## Extracted records
Segment Open
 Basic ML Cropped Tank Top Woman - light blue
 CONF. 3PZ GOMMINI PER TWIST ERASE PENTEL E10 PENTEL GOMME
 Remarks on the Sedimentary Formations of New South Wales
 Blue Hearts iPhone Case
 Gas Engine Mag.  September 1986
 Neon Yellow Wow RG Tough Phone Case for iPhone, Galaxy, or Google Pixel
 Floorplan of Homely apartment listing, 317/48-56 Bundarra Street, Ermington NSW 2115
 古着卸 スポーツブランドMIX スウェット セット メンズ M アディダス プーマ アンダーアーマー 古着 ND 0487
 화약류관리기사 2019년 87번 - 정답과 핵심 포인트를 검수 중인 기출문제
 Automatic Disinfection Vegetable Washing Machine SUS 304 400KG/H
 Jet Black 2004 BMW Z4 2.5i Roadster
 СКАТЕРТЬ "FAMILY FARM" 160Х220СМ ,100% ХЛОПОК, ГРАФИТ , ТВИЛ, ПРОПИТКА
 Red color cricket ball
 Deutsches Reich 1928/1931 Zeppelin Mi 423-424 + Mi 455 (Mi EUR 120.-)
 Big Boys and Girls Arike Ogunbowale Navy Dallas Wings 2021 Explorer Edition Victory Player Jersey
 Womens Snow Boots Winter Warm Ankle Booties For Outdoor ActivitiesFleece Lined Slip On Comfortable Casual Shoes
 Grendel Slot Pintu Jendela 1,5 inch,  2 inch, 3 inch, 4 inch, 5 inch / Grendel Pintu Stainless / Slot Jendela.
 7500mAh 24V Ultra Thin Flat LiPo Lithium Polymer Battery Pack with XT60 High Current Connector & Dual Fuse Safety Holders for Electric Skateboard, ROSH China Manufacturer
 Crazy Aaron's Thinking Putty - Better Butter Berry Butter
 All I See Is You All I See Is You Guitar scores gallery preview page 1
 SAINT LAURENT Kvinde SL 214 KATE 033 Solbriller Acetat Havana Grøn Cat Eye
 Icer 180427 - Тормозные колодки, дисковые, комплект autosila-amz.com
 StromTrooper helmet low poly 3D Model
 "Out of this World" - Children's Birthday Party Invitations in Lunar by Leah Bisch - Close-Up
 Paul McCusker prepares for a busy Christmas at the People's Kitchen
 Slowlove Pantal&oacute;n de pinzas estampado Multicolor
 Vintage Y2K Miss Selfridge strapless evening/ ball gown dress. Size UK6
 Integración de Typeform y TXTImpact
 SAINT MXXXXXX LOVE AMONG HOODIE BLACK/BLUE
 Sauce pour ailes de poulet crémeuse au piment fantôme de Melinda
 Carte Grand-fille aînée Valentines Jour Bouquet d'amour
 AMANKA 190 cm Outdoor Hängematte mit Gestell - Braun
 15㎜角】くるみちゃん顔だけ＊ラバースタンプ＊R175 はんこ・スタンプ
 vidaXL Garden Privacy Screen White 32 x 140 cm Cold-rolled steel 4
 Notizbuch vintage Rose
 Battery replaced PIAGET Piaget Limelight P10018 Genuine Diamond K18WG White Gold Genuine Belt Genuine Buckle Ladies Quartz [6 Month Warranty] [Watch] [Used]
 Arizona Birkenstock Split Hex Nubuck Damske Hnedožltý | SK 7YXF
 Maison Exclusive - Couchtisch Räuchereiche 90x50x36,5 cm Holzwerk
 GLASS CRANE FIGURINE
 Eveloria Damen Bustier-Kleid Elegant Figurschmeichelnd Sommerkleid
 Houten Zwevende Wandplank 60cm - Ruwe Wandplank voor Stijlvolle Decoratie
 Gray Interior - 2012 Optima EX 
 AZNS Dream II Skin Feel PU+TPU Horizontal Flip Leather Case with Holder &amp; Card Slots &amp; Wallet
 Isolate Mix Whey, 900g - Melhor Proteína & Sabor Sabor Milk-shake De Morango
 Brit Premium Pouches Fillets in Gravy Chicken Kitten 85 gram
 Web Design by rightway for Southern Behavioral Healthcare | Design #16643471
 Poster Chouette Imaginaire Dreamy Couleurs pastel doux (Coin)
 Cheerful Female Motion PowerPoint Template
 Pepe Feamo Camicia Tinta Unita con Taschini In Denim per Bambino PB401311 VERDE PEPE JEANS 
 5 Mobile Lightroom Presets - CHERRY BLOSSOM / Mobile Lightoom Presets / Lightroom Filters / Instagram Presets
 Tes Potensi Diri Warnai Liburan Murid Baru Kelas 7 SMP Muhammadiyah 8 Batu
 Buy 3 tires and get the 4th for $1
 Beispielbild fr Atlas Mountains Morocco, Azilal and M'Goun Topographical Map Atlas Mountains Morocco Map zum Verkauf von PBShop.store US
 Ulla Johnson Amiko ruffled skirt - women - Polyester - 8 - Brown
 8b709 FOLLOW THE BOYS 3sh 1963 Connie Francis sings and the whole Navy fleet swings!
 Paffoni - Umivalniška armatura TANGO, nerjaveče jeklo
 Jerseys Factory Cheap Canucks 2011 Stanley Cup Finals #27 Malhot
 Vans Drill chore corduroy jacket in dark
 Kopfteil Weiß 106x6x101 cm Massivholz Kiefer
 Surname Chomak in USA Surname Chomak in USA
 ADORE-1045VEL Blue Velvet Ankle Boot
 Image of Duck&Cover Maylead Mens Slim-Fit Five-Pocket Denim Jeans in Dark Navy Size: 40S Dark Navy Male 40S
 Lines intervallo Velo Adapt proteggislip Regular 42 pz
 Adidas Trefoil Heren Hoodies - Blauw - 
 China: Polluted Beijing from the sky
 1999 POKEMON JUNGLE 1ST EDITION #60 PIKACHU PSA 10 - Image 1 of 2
Segment Closed
## Work order
Every line of the material that holds the word "White" must be found and copied.

## Solution to the problem
 vidaXL Garden Privacy Screen White 32 x 140 cm Cold-rolled steel 4
 Battery replaced PIAGET Piaget Limelight P10018 Genuine Diamond K18WG White Gold Genuine Belt Genuine Buckle Ladies Quartz [6 Month Warranty] [Watch] [Used]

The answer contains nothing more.